Senior DevOps / SRE Engineer
Skills
About the Role
You will build and maintain the infrastructure that runs concurrent AI trading agents, including cron schedules, state files, and trailing stop processes. You will deploy and manage agent environments and workspace persistence, design and operate CI/CD pipelines, and execute zero-downtime deployment strategies. You will build monitoring, alerting, and observability across metrics, logs, and traces; operate and scale Kubernetes/EKS clusters and containerized workloads; manage Redis, Postgres/RDS, ClickHouse, Kafka, and blockchain node infrastructure; and own logging, security, incident response, backups, and disaster readiness.
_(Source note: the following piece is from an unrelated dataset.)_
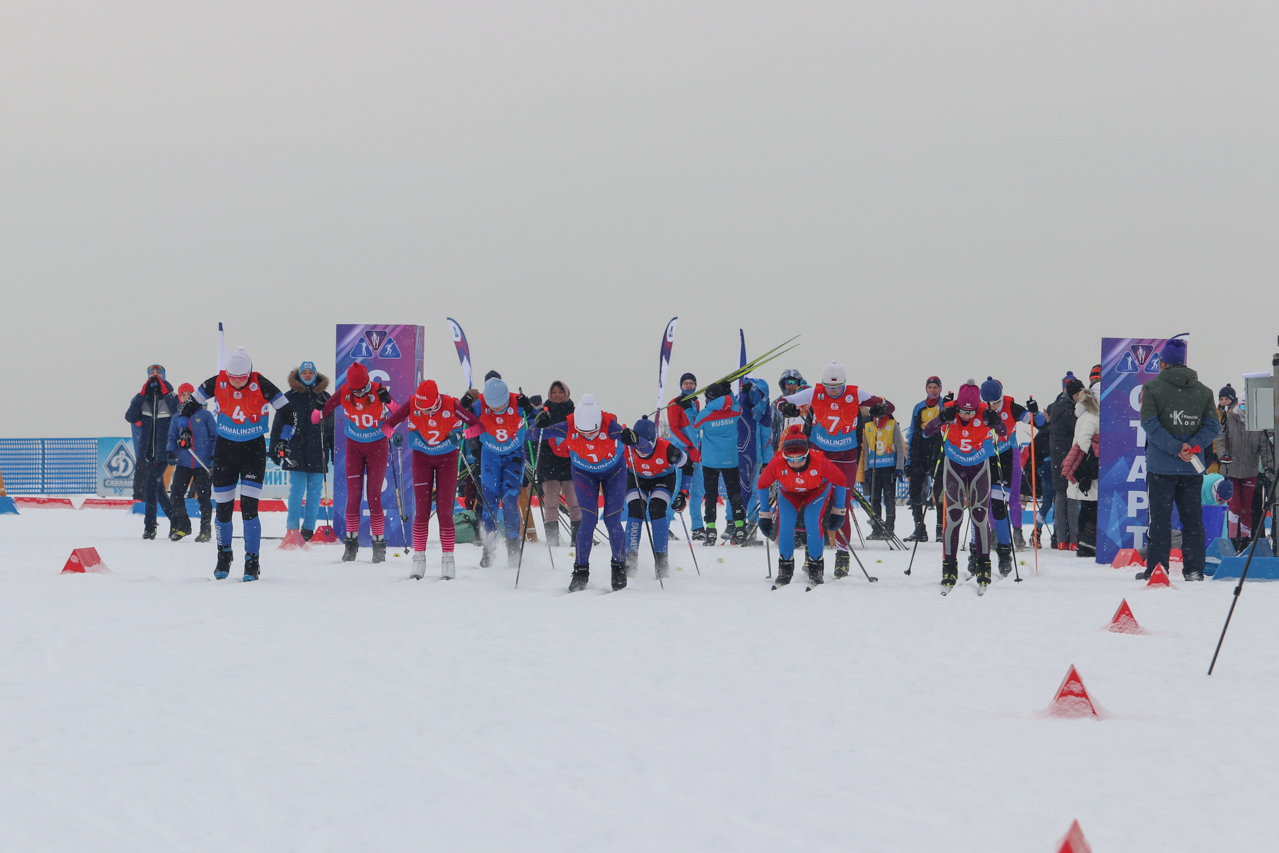 II этап ХIII Зимней Спартакиады учащихся России по лыжным гонкам (юноши и девушки 17-18 лет)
You will lead on-call practices, run incident response and postmortems, and implement long-term reliability improvements for production trading workloads.
Requirements
- Professional DevOps, SRE, or infrastructure engineering experience
- Strong Kubernetes experience, ideally on AWS EKS
- Hands-on experience with Docker and Helm
- Proficiency with infrastructure as code such as Terraform or Ansible
- Experience with CI/CD and deployment automation (GitHub Actions, ArgoCD, or similar)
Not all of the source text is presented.